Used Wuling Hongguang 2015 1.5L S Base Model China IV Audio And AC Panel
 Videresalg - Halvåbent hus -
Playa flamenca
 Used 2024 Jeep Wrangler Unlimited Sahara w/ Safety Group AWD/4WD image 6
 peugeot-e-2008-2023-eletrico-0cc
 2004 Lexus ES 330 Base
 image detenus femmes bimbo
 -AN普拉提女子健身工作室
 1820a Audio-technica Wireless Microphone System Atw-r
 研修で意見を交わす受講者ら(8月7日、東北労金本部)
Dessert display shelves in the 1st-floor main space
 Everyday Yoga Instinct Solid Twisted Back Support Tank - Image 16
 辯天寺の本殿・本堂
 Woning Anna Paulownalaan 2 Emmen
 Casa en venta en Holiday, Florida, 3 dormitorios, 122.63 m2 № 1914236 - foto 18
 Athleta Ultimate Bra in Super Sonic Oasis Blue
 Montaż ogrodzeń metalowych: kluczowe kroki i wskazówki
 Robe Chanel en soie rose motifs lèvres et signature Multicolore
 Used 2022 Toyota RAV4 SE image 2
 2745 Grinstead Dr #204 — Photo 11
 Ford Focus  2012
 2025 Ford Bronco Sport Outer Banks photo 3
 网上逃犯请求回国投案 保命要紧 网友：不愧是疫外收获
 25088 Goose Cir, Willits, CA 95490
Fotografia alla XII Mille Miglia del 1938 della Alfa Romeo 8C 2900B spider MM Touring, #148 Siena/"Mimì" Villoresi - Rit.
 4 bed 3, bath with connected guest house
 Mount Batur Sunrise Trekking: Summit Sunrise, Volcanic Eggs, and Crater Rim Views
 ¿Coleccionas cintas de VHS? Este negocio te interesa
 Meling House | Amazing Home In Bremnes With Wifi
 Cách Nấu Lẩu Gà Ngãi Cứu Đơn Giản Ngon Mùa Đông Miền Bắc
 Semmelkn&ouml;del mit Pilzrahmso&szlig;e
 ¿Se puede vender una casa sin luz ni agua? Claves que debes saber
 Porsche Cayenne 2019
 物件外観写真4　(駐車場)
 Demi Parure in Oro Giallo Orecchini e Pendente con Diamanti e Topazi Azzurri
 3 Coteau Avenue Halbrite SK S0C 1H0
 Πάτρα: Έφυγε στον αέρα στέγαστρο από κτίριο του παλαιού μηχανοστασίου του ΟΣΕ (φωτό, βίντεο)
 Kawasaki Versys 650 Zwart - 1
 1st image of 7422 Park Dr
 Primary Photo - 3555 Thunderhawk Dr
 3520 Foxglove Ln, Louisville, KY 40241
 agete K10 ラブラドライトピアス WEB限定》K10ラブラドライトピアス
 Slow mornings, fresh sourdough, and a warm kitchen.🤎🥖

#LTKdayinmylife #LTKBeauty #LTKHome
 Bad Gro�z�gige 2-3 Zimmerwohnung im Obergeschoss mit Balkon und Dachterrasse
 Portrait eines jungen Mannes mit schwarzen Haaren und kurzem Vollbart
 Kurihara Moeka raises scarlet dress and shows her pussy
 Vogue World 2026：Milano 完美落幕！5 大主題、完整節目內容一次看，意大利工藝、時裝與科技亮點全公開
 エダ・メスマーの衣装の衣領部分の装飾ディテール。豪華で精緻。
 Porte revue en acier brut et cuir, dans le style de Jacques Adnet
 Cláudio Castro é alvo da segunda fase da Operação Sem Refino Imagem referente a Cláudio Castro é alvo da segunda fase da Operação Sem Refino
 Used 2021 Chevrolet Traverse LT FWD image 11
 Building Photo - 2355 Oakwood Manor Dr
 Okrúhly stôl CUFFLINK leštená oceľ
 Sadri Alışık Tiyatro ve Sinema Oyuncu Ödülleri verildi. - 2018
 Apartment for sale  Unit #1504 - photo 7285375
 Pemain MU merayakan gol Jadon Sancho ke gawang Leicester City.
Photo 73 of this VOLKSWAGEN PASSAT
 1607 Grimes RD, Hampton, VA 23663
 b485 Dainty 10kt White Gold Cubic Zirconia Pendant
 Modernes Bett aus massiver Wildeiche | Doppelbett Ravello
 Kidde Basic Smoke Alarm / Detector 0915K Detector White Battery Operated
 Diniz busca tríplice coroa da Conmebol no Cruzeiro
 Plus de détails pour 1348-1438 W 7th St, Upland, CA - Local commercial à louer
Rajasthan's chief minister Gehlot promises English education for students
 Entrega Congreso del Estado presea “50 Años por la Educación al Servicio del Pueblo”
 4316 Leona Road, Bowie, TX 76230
········
*Problem details*. Your task is to quote all of the data word for word.

*Exercise answer*.
Used Wuling Hongguang 2015 1.5L S Base Model China IV Audio And AC Panel
 Videresalg - Halvåbent hus -
Playa flamenca
 Used 2024 Jeep Wrangler Unlimited Sahara w/ Safety Group AWD/4WD image 6
 peugeot-e-2008-2023-eletrico-0cc
 2004 Lexus ES 330 Base
 image detenus femmes bimbo
 -AN普拉提女子健身工作室
 1820a Audio-technica Wireless Microphone System Atw-r
 研修で意見を交わす受講者ら(8月7日、東北労金本部)
Dessert display shelves in the 1st-floor main space
 Everyday Yoga Instinct Solid Twisted Back Support Tank - Image 16
 辯天寺の本殿・本堂
 Woning Anna Paulownalaan 2 Emmen
 Casa en venta en Holiday, Florida, 3 dormitorios, 122.63 m2 № 1914236 - foto 18
 Athleta Ultimate Bra in Super Sonic Oasis Blue
 Montaż ogrodzeń metalowych: kluczowe kroki i wskazówki
 Robe Chanel en soie rose motifs lèvres et signature Multicolore
 Used 2022 Toyota RAV4 SE image 2
 2745 Grinstead Dr #204 — Photo 11
 Ford Focus  2012
 2025 Ford Bronco Sport Outer Banks photo 3
 网上逃犯请求回国投案 保命要紧 网友：不愧是疫外收获
 25088 Goose Cir, Willits, CA 95490
Fotografia alla XII Mille Miglia del 1938 della Alfa Romeo 8C 2900B spider MM Touring, #148 Siena/"Mimì" Villoresi - Rit.
 4 bed 3, bath with connected guest house
 Mount Batur Sunrise Trekking: Summit Sunrise, Volcanic Eggs, and Crater Rim Views
 ¿Coleccionas cintas de VHS? Este negocio te interesa
 Meling House | Amazing Home In Bremnes With Wifi
 Cách Nấu Lẩu Gà Ngãi Cứu Đơn Giản Ngon Mùa Đông Miền Bắc
 Semmelkn&ouml;del mit Pilzrahmso&szlig;e
 ¿Se puede vender una casa sin luz ni agua? Claves que debes saber
 Porsche Cayenne 2019
 物件外観写真4　(駐車場)
 Demi Parure in Oro Giallo Orecchini e Pendente con Diamanti e Topazi Azzurri
 3 Coteau Avenue Halbrite SK S0C 1H0
 Πάτρα: Έφυγε στον αέρα στέγαστρο από κτίριο του παλαιού μηχανοστασίου του ΟΣΕ (φωτό, βίντεο)
 Kawasaki Versys 650 Zwart - 1
 1st image of 7422 Park Dr
 Primary Photo - 3555 Thunderhawk Dr
 3520 Foxglove Ln, Louisville, KY 40241
 agete K10 ラブラドライトピアス WEB限定》K10ラブラドライトピアス
 Slow mornings, fresh sourdough, and a warm kitchen.🤎🥖

#LTKdayinmylife #LTKBeauty #LTKHome
 Bad Gro�z�gige 2-3 Zimmerwohnung im Obergeschoss mit Balkon und Dachterrasse
 Portrait eines jungen Mannes mit schwarzen Haaren und kurzem Vollbart
 Kurihara Moeka raises scarlet dress and shows her pussy
 Vogue World 2026：Milano 完美落幕！5 大主題、完整節目內容一次看，意大利工藝、時裝與科技亮點全公開
 エダ・メスマーの衣装の衣領部分の装飾ディテール。豪華で精緻。
 Porte revue en acier brut et cuir, dans le style de Jacques Adnet
 Cláudio Castro é alvo da segunda fase da Operação Sem Refino Imagem referente a Cláudio Castro é alvo da segunda fase da Operação Sem Refino
 Used 2021 Chevrolet Traverse LT FWD image 11
 Building Photo - 2355 Oakwood Manor Dr
 Okrúhly stôl CUFFLINK leštená oceľ
 Sadri Alışık Tiyatro ve Sinema Oyuncu Ödülleri verildi. - 2018
 Apartment for sale  Unit #1504 - photo 7285375
 Pemain MU merayakan gol Jadon Sancho ke gawang Leicester City.
Photo 73 of this VOLKSWAGEN PASSAT
 1607 Grimes RD, Hampton, VA 23663
 b485 Dainty 10kt White Gold Cubic Zirconia Pendant
 Modernes Bett aus massiver Wildeiche | Doppelbett Ravello
 Kidde Basic Smoke Alarm / Detector 0915K Detector White Battery Operated
 Diniz busca tríplice coroa da Conmebol no Cruzeiro
 Plus de détails pour 1348-1438 W 7th St, Upland, CA - Local commercial à louer
Rajasthan's chief minister Gehlot promises English education for students
 Entrega Congreso del Estado presea “50 Años por la Educación al Servicio del Pueblo”
 4316 Leona Road, Bowie, TX 76230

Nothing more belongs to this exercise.